Debbie found that sometimes the web 2.0 tools aren’t up to par. Her critique of the infogr.am and piktochart services echoes some of the problems I’ve had with services like this over time. They are fast and relatively easy but you give up some key elements of control that some people won’t be happy about. I think they have their place but you have to go in knowing the limitations of the tool and the impact of those limitations on your ability to control the narrative.

Katie spent some time tracking happiness but with great common sense opted to move on to looking at Google Doc usage. She used mural.ly to layout the graphs from GAFE in a way that lets you see the big picture and drill down to the details. The infinite canvas concept that you have in mural.ly and prezi is something that has some fascinating possibilities.
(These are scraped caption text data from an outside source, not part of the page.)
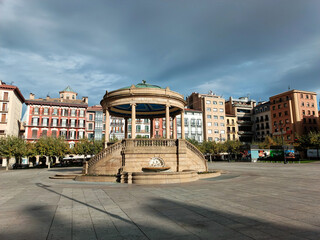 Kiosko de la plaza del castillo de Pamplona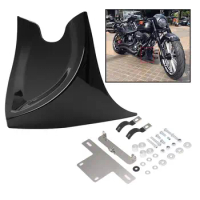 Motorcycle Universal Black Lower Chin Fairing Front Spoiler For Harley Sportster XL Fatboy Softai V-ROD Touring Glide All Model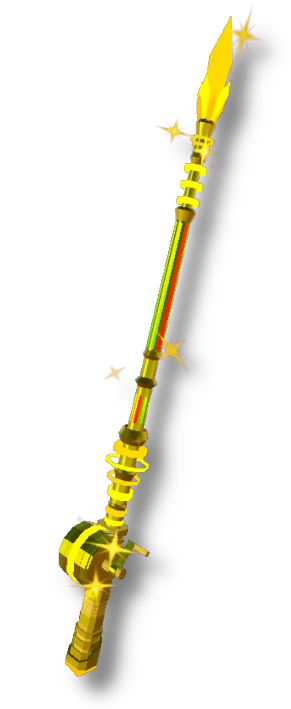 Golden Ethereal Prism Rod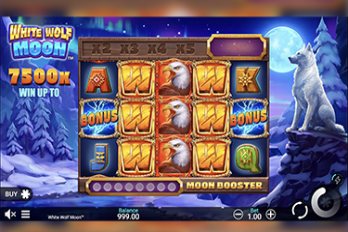 White Wolf Moon Slot Game Screenshot Image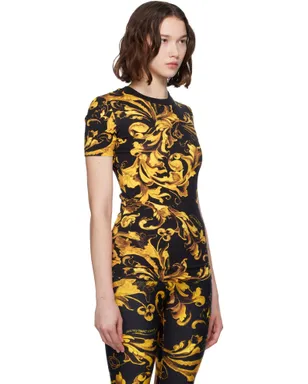 Versace Jeans Couture ロゴ バロッコ ジャージ Tシャツ - サムネイル2
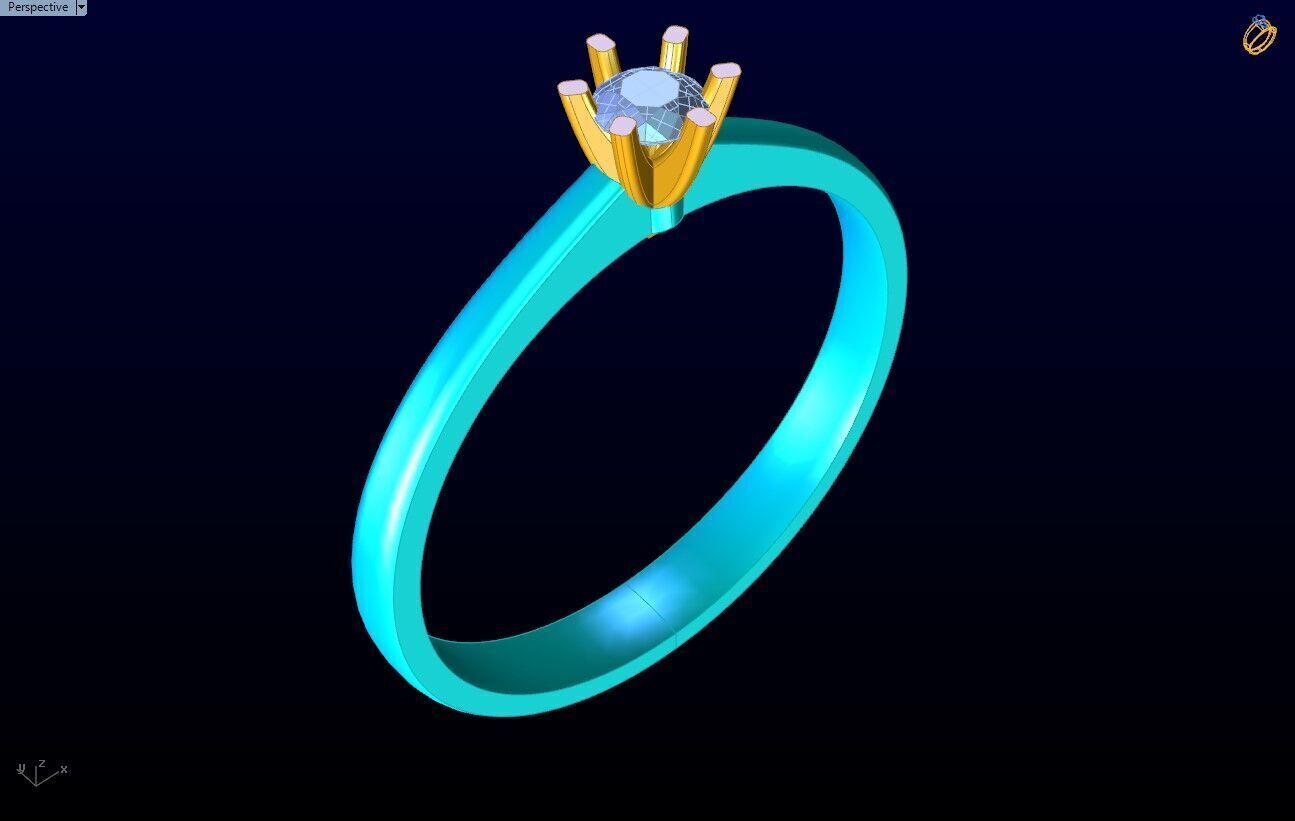 Diamond Ring - Womens Rings - N725329 3D print model_9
Gaynell used her amazingly consistently entered Outlook calendar data to plot all of the yoga teaching she has done since the dawn of time. Her post does a great job breaking down how she got the data from Outlook, into Excel, and then parsed out in a way that allowed her to visualize. Her post has encouraged me to look at how I’m categorizing my calendar information so that I might actually use it. My current method is not a method.

Screen Shot 2013-06-20 at 5.47.57 PM
William Berry visualized data about the Civil War and used Google’s new mapping tool to do it. He got enough of my interest that I signed up for the same class he’s taking on how to build in the new Google Maps/Earth. I particularly like how he’s framing data analysis as a necessary student lens on the world. As a result of this conversation, we’re going to try playing with this same data in Exhibit.1

Karen Richardson started some work mapping where food comes from in Exhibit as well but hasn’t submitted anything officially. I’m linking her in anyway. I’ll also be working some in the near future to update my Exhibit tutorials. If you feel like time traveling the old tutorials from around 2007 are here. iWeb anyone?

None of this was massive but I’m really happy that people have participated and have enjoyed things. The next round will likely be focused on the idea of remix (defining post coming soon). It’s a big topic and the Internet is a big place. You’re more than welcome to come join us.


1 I may over advocate for this tool but it remains uniquely capable of visualizing information over time and space in a fluid faceted user friendly environment.

Comments on this post

  1. Karen Richardson said on July 2, 2013 at 9:06 am

    Sorry about the unofficial part…Tom has the link right for my attempt at data viz. My biggest problem was finding the data as there didn’t seem to be an already compiled list of the information I was looking for in terms of number one producers for certain food items. I’ll keep adding as I have time to research. I did find Exhibit pretty easy to use. I checked out Tom’s tutorials, and then started with an example that allowed me to download and manipulate already created files. Here’s the link to the sample map I started with: http://www.simile-widgets.org/exhibit/examples/flags/flags.html. In my mind, there’s a blog post about the skills required to pull this off that range from digital image editing to conducting efficient Internet research. I’d be happy to help with the Civil War map.